Really? If he persisted in trying to unite them as a family, he would soon learn that she was capable of far more obstinacy than this.
And the whole Chrechte mystique? Not so mysterious after all. Everyone in the clan knew about the band of warriors that considered themselves elite among the soldiers.
She rolled her eyes. “So I heard on more than one occasion six years ago from you and others. You considered your skills as a warrior something to set you apart.”
He spun back to face her, his expression growing increasingly astonished as she continued speaking.
“My skills as a warrior are above those of other men, Chrechte as well,” he declared with affront.
“And I am an English lady with claim to title and little else. Do you know how it has set me apart?” she asked scathingly. “Not one wee bit. I am still a mother, a friend, a woman with less say in my life than the steward who ran my dead husband’s estates.”
“You ignore everything you do not wish to hear,” he accused, his frustration obviously mounting.
She glared at him, her own ire rising to match his. “If you want me to hear you, may I suggest you try talking sense rather than the ravings of arrogant idiocy.”
“I am no idiot!”
“Well, you’re certainly not a lord of logic, either.”
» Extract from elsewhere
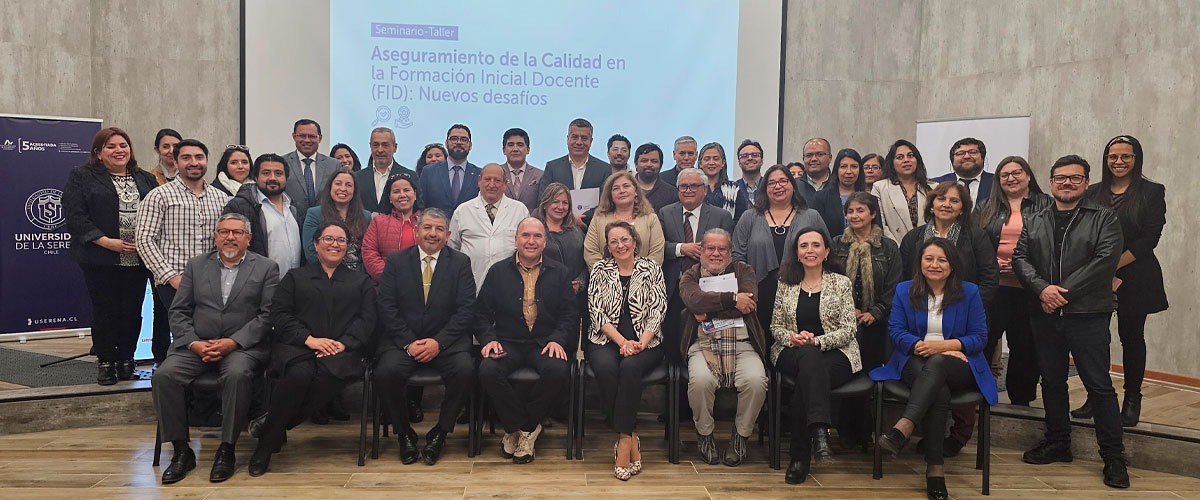 Gestores curriculares de Escuelas de Pedagogía participan en Seminario-Taller sobre aseguramiento de la calidad en la Formación Inicial Docente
“I am a shape-changer,” he practically yelled. “Chrechte means I share my nature with an animal. Mine is a wolf.”
Her heart nearly stopped in her chest. She’d called him daft, but she hadn’t meant it. Had not truly believed he had lost his ability to think and behave rationally.
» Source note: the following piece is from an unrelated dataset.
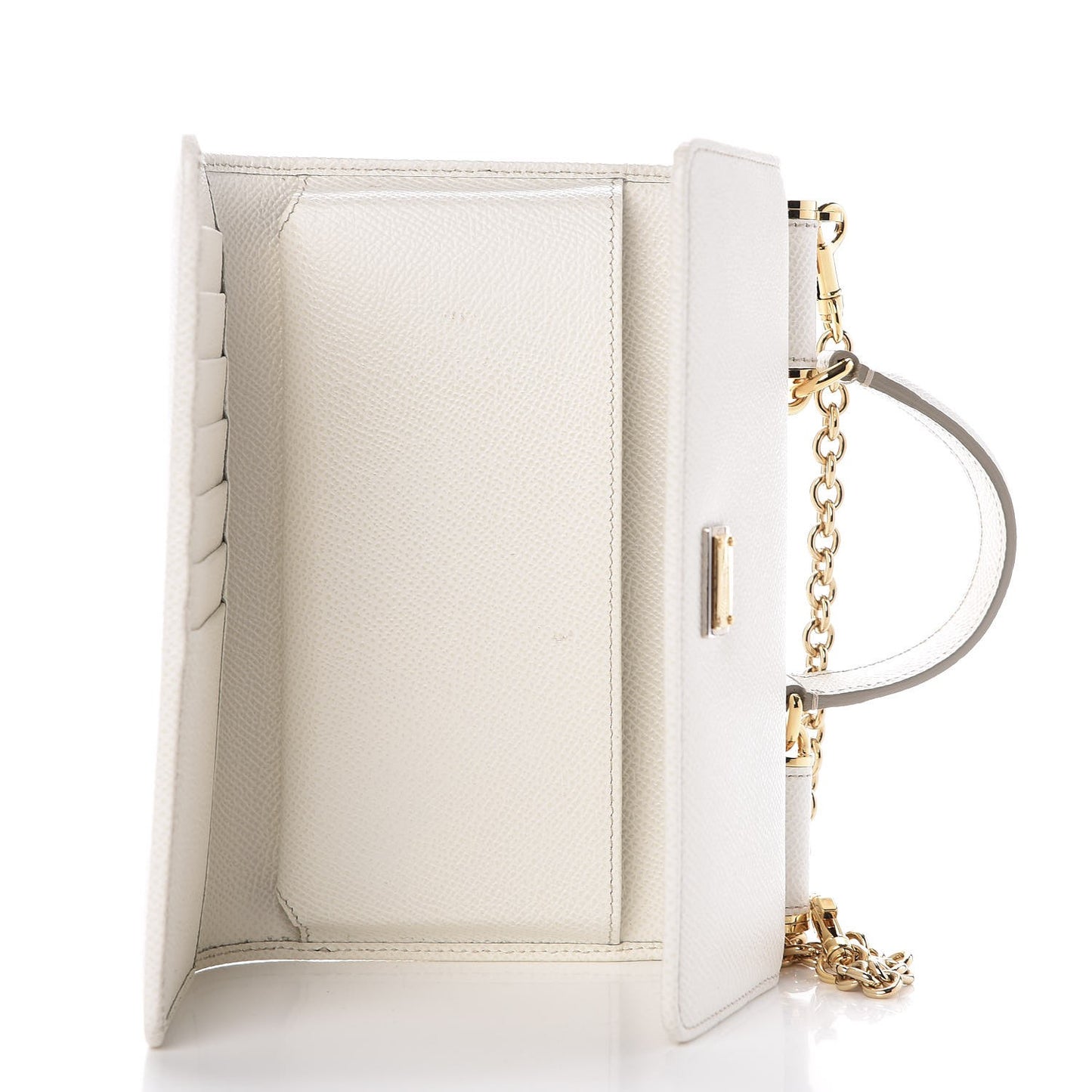 Dauphine Mini Von Bag White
His talk now made her cold with dread.
“Stop this nonsense. Please, Caelis, do not show yourself truly insane,” she pleaded with him.
He simply shook his head and then removed his plaid with an economy of movement. He made no move to come closer to her, but she jumped off the chest anyway, sidling toward the door and escape.
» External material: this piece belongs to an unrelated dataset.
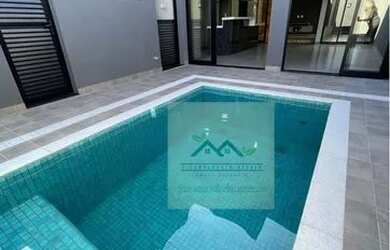 Imagem: A casa em condomínio possui 3 Dormitórios, 5 Banheiros, 4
“No. Caelis. I will not take you to my bed.”
“Aye. You will, but not right now.”
She shook her head, her heart beating so fast in her chest that it hurt.
He lifted his head, sniffing at the air and then looked with concern at her. “You have nothing to fear, Shona. Not ever from me.”
“You have hurt me more than any other,” she baldly disagreed.
That was one lie she simply could not let stand.
“Let me show you why.”
What did he expect her to do? Give him permission? She just wanted out of the room, but before she could make her move for the unbarred door, a flash of light shown around Caelis.
Then, where he had stood was now a large dark-haired wolf.